Having heard testimony from victims including from former residents of state orphanages, the commission has turned its attention to the welfare of children who now live in residential care.
Contemporary residential care facilities are different to the large-scale children's homes that were closed down during the period of de-instutionalisation in the 1970s and '80s. Residential care now involves smaller ''group homes'' housing between four and six children and young people.
While this much has changed, other things have stayed the same.
Appearing before the royal commission, a senior bureaucrat from the NSW Department of Families and Community Services said she was aware of recent cases where young people in residential care had sexually abused each other.
Inadequate supervision and low staff-to-children ratios are said to explain child-on-child sexual and other forms of abuse. However, this does not scratch the surface of the part the child protection system plays in the harm being done to these and other children from dysfunctional families with serious child-welfare problems.
Residential care facilities primarily house children who have what is termed ''high and complex'' needs. These children have major emotional, psychological and behavioral problems because they have been damaged by the flawed family preservation-based policies and practices employed by child protection authorities.
When reports of suspected child maltreatment are received, standard procedure in all states and territories (in the words of the Australian Institute of Health and Welfare) is to ''keep children with their families'' and work with struggling and highly troubled parents to try to fix entrenched and intractable problems such as substance abuse, mental illness and domestic violence. Because parents are given virtually limitless opportunities to try to address their problems, children are only removed as a ''last resort'', and this often occurs too late. Children end up being taken into foster care only after prolonged exposure to parental abuse and neglect.
Trauma suffered in the family home is then compounded by the harmful instability and the repeat occasions of care subsequently experienced when family reunions are attempted and break down. In many cases this cycle of delayed and multiple entries into care consumes a child's entire childhood.
By the time they reach adolescence, children have become severely damaged, disturbed and distressed.
So bad is the uncontrollable, threatening, violent and self-destructive behaviour of the worst ''high needs kids'' that it is unsafe for them to live in a normal foster home, and residential care (including ''secure facilities'' for the most anti-social) is the only option.
This group of children are also referred to as ''unfosterable''. The term particularly reflects the fact that these children cannot be placed with foster parents who have other foster or natural children because of the unacceptable danger they pose to other kids.

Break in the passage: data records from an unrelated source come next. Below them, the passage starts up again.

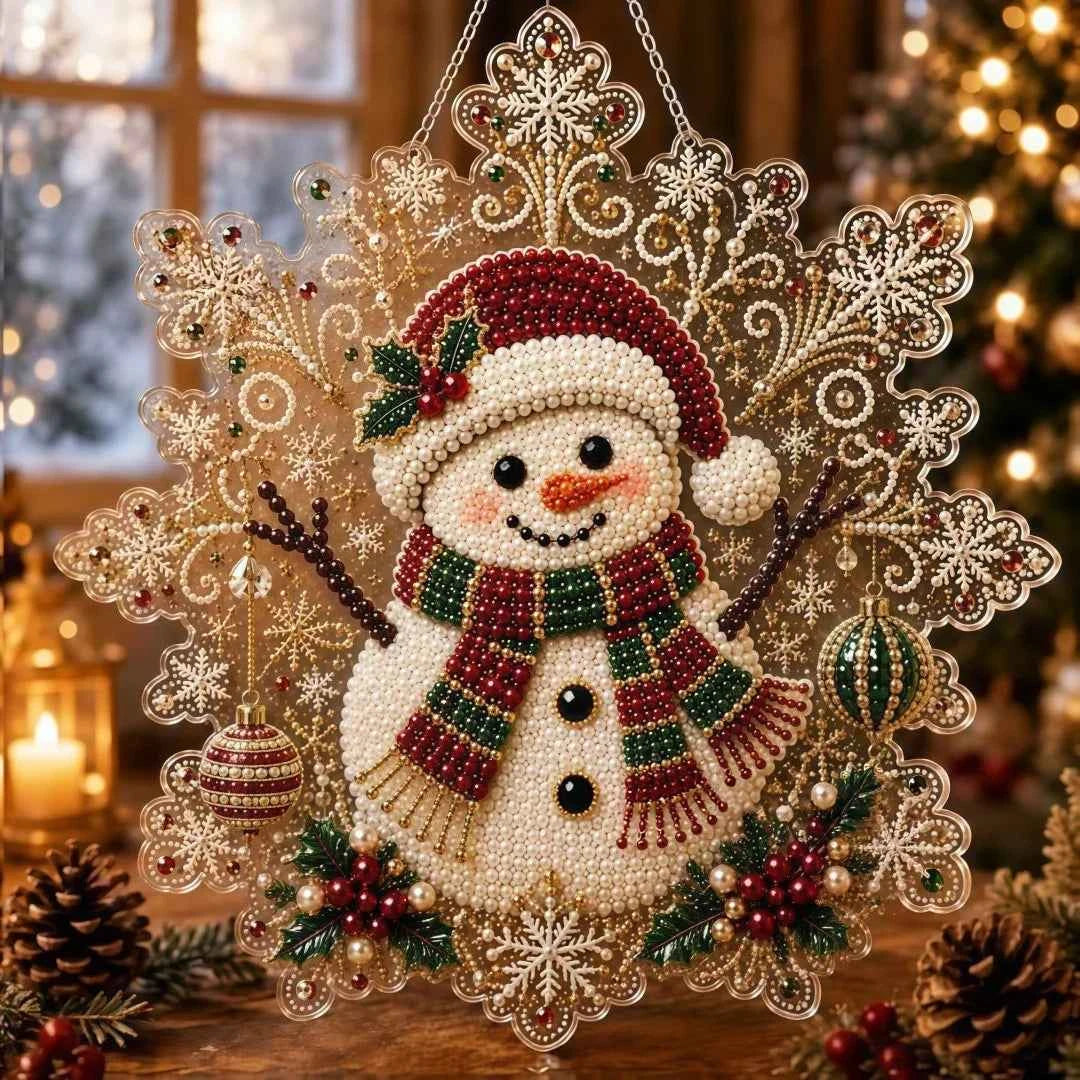 Christmas Pearl Diamond Painting Suncatcher Kit – 20cm Snowflake with Metal Chain, 4 Designs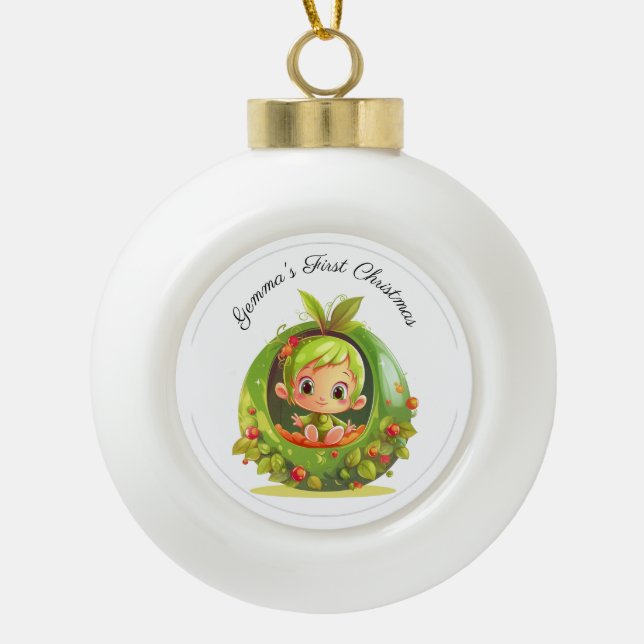 Personalised Fairy Baby's First Christmas Ceramic Ball Christmas Ornament (Front)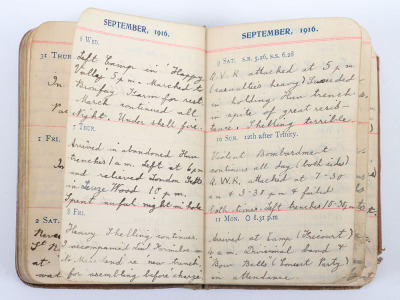 Historically Important Great War Diary Grouping of Timothy Goddard Elliott from 1914-1918, Covering Many of the Major Actions of WW1 including the Battle of the Somme in 1916, Where he went Over The Top with 9th Battalion City of London Queen Victoria Rif - 39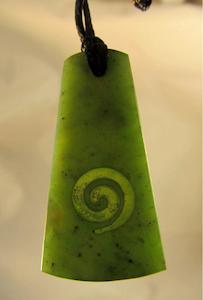 Greenstone Wedge Pendant with Koru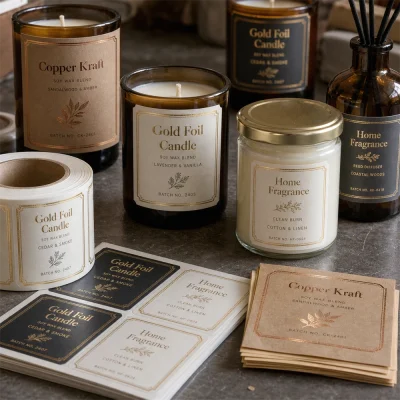 foil candle labels textured paper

So into residential care they go – where they victimise each other.
The number of children placed in residential care throughout Australia declined substantially as a result of de-institutionalisation and hit a record low of less than 1000 in 2004-05. Since then, the residential population has more than doubled, increasing to 2193 children in 2012-13.
The fact that governments have been forced to ''re-institutionalise'' the care system to cater for the increasing number of children damaged by family preservation is an indictment of the state of child protection in this country.
A system that is failing the most vulnerable children in the community needs to be closely scrutinised if the royal commission is to fulfil the task of ensuring history never repeats. The fact is that many children would be much better off if they were removed earlier, and could be adopted by families able to provide a stable home.
Jeremy Sammut is a research fellow at The Centre for Independent Studies and author of Do Not Damage and Disturb: On Child Protection Failures and the Pressure on Out-Of-Home Care in Australia (2011).